Sr. Hadoop/spark Developer Resume
NJ
SUMMARY:
- Overall 10+ years of IT experience in a variety of industries, which includes hands on experience in Big Data Analytics and development
- Expertise with the tools in Hadoop Ecosystem including Pig, Hive, HDFS, MapReduce, Sqoop, Storm, Spark, Kafka, Yarn, Oozie, and Zookeeper.

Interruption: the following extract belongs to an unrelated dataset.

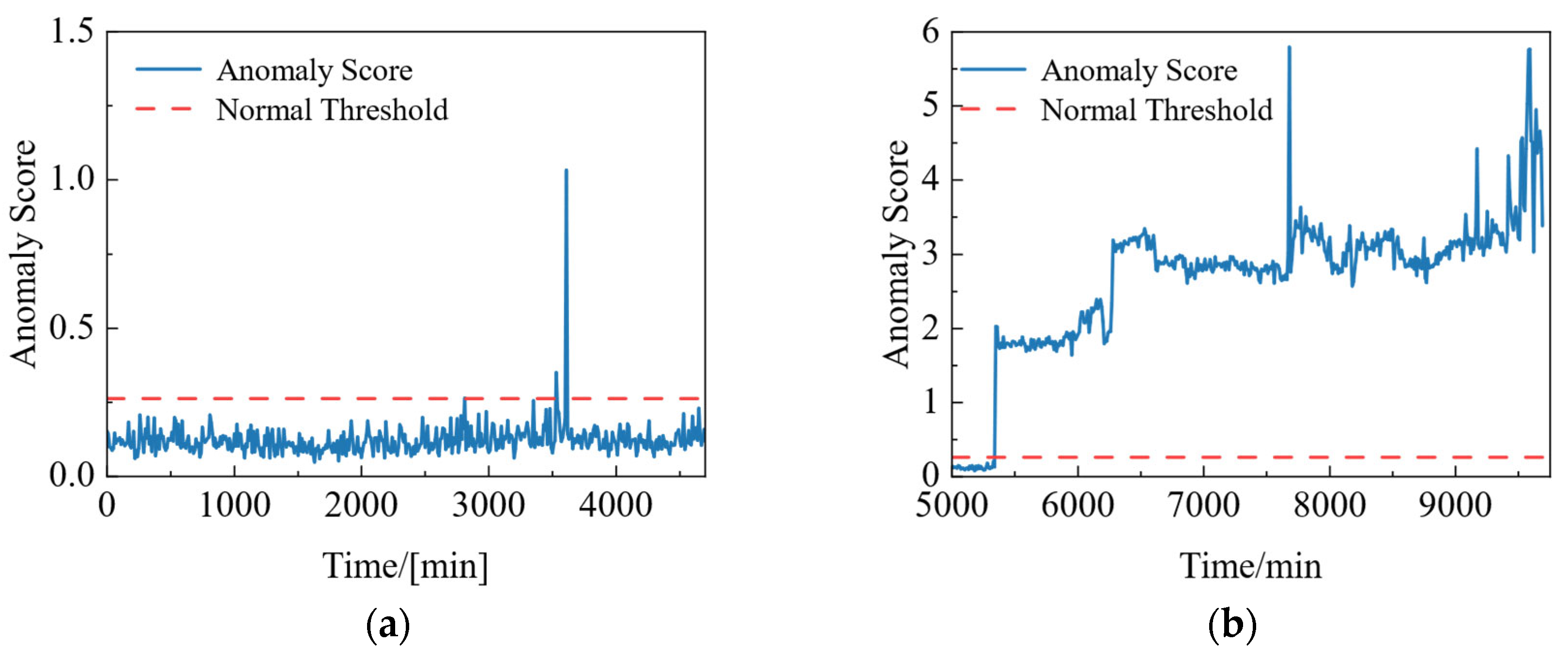 Lubricants 12 00229 g013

- Excellent knowledge on Hadoop Ecosystems such as HDFS, Job Tracker, Task Tracker, Name Node, Data Node and Map Reduce programming paradigm
- Experience in designing and developing applications in Spark using Scala to compare the performance of Spark with Hive and SQL/Oracle.
- Good exposure with Agile software development process.
- Experience in manipulating/analyzing large datasets and finding patterns and insights within structured and unstructured data.
- Strong experience on Hadoop distributions like Cloudera, MapR and HortonWorks.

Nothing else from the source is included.